And here's what you have to understand about gay activism: we are called anti-mormon, anti-christian, anti-islamic, and now you are suggesting that it is or can be viewed as anti-Jamaican. It's wrong in every case. There is an objective case that gay people in Jamaica are treated horribly, and as social justice adtivists we are obligated to fight back with and for them. You suggest our efforts to honor the global solidarity of gay people makes "the situation better, not worse." Okay, well, since you're criticizing our tactics, may I ask what better ideas you have been able to come up with to protect and empower the gay community of Jamaica, and could you please share them, because those are our brothers and sisters and we will do what we can on their behalf.

Annie Paul said...

You know, thank you all for your comments, and welcome Kei and M.E.D.I.

How did this become a discussion about Gays and their problems and their vulnerability? This post was about Buju and Jamaica and being Jamaican.

As Sarah said if Boom Bye Bye was really a literal call to kill all homosexuals there would be none left in Ja. can we stop exaggerating?

I think Sarah articulates the embattled, bruised as she put it, position of many Jamaicans. Perhaps gay activists need to take a back seat right now? Perhaps there's a time for aggressive mobilizing and being on the warpath and other moments when even those who are absolutely sure they have the moral upper hand might listen and try and understand what seems to be transparently blameworthy? i don't know...

Anonymous said...

Hi Annie,

Maybe you're right, it may be the time for gay activists to just watch this unfold.

But you have to understand--these calls for our death cause hurt and pain and anger and, yes, violence and death for people. That's bruised. That's embattled.

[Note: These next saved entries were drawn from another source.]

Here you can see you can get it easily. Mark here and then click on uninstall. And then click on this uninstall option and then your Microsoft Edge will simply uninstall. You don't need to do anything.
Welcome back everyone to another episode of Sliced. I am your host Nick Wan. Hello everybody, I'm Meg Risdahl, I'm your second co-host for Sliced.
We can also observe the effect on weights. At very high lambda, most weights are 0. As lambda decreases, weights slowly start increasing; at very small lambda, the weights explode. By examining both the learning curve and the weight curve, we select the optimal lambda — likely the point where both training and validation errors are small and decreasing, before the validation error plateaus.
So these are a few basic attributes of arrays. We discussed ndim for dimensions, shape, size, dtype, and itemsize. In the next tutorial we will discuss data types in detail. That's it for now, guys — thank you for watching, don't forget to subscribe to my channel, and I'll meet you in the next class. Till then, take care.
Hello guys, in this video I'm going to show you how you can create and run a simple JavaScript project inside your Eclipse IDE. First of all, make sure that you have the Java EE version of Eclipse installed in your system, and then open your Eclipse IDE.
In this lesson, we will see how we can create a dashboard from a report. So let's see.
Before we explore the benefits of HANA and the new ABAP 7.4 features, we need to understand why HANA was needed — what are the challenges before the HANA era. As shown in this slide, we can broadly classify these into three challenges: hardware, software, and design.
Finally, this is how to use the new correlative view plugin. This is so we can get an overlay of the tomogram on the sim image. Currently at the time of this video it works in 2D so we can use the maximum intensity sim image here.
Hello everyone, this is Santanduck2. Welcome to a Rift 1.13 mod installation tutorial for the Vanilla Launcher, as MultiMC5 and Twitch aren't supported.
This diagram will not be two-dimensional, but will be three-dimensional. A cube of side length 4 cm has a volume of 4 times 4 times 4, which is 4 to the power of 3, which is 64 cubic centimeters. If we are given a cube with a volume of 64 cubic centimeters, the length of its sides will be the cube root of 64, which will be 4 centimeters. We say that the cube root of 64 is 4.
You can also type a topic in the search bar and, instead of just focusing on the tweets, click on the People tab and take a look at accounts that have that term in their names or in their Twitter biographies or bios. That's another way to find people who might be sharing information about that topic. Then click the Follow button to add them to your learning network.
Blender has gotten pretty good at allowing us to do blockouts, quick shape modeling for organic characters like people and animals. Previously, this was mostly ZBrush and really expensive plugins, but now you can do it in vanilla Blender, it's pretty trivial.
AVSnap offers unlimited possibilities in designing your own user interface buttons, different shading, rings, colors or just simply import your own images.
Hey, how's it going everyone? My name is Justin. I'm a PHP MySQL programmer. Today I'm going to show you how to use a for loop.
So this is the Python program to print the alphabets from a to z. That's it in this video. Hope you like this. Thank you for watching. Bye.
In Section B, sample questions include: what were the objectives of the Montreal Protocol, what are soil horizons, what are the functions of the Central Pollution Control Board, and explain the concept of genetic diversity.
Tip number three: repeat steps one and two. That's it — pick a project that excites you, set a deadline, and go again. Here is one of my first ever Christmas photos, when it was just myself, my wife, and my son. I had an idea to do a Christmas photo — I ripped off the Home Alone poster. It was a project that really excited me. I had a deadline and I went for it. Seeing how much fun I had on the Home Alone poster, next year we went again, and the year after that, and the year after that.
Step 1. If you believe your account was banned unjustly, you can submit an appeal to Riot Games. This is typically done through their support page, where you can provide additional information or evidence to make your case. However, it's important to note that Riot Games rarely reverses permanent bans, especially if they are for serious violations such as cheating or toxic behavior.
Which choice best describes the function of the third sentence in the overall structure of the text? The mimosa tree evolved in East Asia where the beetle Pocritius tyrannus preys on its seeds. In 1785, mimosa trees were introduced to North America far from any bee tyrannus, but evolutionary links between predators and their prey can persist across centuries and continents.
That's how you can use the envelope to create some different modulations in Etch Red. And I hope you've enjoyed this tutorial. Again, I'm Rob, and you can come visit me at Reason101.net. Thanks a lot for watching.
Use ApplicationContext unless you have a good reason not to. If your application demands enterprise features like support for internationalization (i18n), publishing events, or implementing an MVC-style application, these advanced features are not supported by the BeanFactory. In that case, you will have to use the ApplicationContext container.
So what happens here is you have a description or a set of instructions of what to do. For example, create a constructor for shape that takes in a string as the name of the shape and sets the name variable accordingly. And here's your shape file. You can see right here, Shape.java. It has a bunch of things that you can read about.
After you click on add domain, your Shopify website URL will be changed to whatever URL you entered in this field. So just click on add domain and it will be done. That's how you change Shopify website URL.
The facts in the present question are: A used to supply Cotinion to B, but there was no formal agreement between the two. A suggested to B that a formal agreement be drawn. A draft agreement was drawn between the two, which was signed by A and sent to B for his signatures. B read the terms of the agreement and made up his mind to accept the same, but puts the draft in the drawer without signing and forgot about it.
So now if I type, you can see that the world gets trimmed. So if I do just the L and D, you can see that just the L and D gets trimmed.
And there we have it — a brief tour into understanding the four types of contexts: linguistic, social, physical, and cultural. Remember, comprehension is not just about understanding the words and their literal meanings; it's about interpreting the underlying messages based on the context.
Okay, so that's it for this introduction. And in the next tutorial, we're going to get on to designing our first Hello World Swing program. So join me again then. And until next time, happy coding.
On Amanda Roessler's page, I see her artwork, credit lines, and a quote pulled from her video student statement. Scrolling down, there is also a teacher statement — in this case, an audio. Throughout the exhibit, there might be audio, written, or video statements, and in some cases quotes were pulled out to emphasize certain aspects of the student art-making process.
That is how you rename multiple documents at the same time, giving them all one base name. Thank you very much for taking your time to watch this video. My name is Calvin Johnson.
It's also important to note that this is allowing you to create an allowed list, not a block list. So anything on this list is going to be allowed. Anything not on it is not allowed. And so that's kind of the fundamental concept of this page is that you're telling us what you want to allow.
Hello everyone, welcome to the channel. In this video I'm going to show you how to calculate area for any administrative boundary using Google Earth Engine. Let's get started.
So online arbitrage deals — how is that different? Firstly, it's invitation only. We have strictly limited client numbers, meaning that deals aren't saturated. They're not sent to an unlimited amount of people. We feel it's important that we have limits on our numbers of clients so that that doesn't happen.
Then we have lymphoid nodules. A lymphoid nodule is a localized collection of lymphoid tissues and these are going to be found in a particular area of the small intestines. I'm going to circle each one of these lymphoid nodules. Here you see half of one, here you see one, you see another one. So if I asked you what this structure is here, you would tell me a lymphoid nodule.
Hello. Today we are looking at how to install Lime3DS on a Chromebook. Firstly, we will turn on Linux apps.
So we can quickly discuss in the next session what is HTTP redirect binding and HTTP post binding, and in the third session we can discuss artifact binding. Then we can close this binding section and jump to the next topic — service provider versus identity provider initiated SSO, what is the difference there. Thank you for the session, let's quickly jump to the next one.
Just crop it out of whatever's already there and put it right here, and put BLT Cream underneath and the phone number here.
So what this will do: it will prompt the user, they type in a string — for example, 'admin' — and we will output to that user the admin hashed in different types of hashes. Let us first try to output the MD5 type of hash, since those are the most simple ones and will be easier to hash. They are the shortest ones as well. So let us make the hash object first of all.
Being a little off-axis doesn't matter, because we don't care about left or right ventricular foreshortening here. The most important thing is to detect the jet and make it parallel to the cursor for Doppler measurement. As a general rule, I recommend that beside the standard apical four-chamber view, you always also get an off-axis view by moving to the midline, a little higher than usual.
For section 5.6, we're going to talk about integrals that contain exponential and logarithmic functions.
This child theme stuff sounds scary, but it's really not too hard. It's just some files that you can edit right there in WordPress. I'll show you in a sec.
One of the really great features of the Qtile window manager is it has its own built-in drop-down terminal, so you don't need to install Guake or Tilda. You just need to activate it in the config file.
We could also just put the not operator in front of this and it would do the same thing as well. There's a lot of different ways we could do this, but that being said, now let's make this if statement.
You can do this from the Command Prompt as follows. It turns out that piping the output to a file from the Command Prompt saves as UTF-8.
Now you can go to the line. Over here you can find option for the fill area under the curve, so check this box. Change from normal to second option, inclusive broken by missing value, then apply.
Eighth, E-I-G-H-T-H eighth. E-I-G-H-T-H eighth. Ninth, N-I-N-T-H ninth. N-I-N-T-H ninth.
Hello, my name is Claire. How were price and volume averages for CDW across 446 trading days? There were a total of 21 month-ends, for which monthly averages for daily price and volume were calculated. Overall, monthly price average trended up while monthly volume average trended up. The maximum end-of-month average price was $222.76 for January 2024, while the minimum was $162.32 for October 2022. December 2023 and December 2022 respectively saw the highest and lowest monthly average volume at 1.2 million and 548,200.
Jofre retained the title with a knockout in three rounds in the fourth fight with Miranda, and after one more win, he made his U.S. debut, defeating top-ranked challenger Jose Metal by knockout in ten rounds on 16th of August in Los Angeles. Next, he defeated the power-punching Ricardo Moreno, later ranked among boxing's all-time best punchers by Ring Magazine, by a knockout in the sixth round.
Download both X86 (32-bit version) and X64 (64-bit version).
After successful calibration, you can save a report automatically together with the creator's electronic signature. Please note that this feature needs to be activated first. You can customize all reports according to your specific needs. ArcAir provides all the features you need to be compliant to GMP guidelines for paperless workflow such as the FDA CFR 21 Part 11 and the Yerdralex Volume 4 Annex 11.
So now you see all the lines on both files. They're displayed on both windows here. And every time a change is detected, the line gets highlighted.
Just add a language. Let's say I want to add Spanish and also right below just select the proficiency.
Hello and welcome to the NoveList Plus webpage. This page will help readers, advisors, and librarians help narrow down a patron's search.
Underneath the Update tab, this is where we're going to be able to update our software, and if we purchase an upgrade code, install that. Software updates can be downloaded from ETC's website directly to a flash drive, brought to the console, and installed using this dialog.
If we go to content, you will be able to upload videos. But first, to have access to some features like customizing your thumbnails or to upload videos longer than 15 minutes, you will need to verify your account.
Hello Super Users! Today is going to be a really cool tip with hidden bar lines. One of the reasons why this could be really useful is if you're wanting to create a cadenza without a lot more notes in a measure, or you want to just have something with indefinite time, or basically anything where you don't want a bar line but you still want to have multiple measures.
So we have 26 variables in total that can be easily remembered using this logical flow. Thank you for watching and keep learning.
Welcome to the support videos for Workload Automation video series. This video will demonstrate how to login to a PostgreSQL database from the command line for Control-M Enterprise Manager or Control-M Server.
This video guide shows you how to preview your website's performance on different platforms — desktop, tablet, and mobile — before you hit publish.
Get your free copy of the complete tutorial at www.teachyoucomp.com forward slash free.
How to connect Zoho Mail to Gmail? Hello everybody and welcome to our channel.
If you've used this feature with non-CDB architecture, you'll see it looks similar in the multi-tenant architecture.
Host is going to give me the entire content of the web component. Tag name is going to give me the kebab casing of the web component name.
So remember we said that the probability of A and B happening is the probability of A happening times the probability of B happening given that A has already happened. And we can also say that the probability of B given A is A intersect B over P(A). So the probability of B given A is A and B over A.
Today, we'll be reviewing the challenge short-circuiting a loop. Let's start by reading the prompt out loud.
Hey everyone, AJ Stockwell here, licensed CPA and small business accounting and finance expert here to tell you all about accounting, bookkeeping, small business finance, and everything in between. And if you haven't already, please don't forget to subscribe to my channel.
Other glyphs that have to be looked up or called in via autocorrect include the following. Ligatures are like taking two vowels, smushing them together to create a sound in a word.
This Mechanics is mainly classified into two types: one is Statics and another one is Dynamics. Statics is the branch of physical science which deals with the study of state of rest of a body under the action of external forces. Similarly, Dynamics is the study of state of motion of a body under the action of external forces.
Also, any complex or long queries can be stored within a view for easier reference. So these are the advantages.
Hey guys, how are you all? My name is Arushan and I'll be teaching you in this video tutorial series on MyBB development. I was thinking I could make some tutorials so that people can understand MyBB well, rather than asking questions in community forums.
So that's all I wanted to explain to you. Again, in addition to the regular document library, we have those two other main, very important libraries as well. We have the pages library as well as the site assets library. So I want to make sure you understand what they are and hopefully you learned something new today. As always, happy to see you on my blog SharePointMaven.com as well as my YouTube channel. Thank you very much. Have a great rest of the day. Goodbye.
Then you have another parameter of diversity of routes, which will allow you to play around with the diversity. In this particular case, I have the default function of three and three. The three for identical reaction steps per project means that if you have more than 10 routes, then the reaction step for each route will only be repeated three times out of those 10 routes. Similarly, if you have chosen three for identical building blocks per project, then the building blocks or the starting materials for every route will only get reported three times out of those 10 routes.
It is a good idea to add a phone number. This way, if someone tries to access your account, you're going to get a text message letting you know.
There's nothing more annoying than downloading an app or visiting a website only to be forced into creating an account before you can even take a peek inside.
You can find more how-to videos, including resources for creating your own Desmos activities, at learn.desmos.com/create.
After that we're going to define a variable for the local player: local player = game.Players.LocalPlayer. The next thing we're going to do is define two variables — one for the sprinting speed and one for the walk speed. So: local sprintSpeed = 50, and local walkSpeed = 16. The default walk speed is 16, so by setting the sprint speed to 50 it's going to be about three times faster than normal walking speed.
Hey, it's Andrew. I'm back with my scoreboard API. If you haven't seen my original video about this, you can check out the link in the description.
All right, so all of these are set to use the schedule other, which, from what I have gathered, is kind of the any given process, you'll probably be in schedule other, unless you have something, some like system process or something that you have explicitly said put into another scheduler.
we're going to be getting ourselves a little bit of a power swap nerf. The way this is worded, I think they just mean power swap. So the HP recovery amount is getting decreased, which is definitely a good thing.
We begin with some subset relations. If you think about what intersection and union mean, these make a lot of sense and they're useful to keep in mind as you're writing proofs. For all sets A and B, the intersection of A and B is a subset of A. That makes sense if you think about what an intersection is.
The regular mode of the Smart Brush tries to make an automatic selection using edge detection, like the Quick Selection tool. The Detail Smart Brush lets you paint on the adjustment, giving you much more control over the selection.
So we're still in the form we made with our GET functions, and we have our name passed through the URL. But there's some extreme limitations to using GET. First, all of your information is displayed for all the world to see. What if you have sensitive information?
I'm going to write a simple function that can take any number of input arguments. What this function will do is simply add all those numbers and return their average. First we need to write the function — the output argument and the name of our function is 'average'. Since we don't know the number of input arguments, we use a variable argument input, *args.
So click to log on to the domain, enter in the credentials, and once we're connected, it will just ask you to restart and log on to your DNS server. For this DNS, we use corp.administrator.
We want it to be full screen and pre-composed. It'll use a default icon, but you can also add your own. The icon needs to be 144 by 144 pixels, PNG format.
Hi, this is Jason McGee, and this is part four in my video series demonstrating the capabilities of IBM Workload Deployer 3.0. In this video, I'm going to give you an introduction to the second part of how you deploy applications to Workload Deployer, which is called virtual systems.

You say that there would be no gay people left in Jamaica if gays were really hunted down. You do understand that the head of JFlag has to use a fake name because he would be hunted down and kiled if not? You do know the co-founders of JFlag were hunted down like dogs by straight people and killed? And that in Brian Williamson's case, the crowd danced to and sang BoomByeBye in celebration after he had been assassinated? You do know that the Jamaican government refuses to keep records but that Human Rigths Watch found 30 instances of gays being killed for being gay in Jamaica from 1997 to 2000? You have read the many gaylesbian jamaican writers who can only speak out once they leave the country, for fear of being targeted for death inside the country? You are aware that the Jamaican police ludicrously claim gay people are killed by their lovers rather than by the straight people who target us everywhere we go around the globe?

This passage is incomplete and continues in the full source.